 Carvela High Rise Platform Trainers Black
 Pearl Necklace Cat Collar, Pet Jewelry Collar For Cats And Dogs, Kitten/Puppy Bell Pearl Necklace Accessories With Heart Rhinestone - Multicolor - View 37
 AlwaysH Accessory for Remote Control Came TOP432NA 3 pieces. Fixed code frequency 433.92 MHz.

==

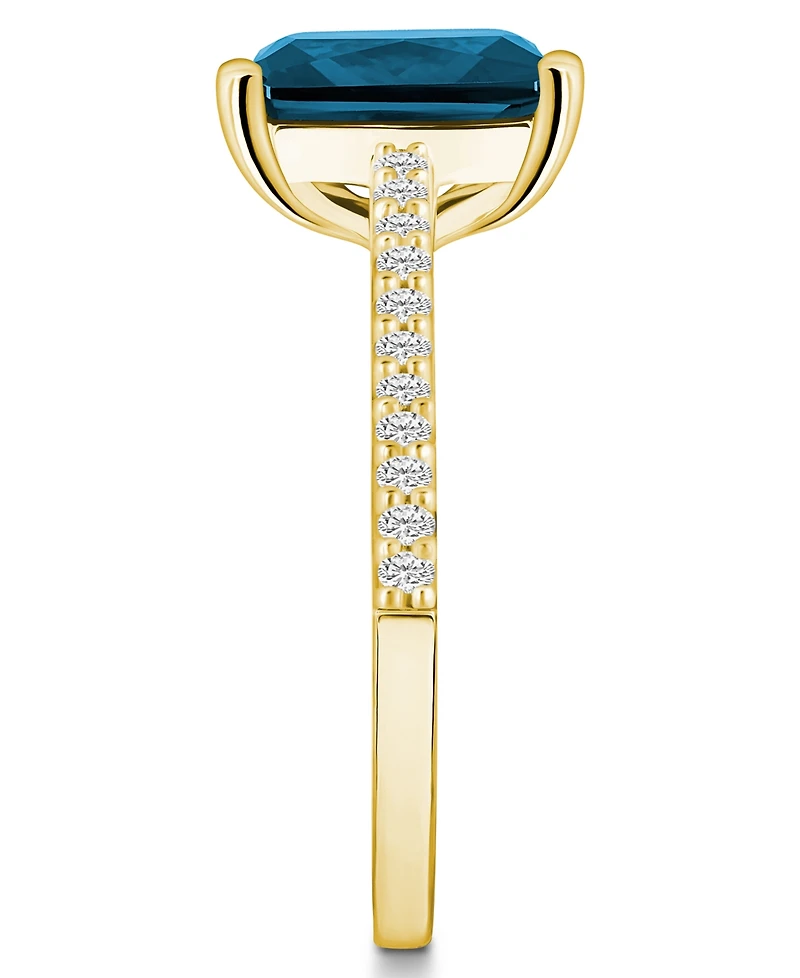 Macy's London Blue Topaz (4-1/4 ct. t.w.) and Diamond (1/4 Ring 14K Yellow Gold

*EXERCISE:*
Retype exactly, and only, the lines above from the one where "Pearl Necklace Cat" occurs up to and including the one where "AlwaysH Accessory for" occurs.

*RESPONSE BOX:*
 Pearl Necklace Cat Collar, Pet Jewelry Collar For Cats And Dogs, Kitten/Puppy Bell Pearl Necklace Accessories With Heart Rhinestone - Multicolor - View 37
 AlwaysH Accessory for Remote Control Came TOP432NA 3 pieces. Fixed code frequency 433.92 MHz.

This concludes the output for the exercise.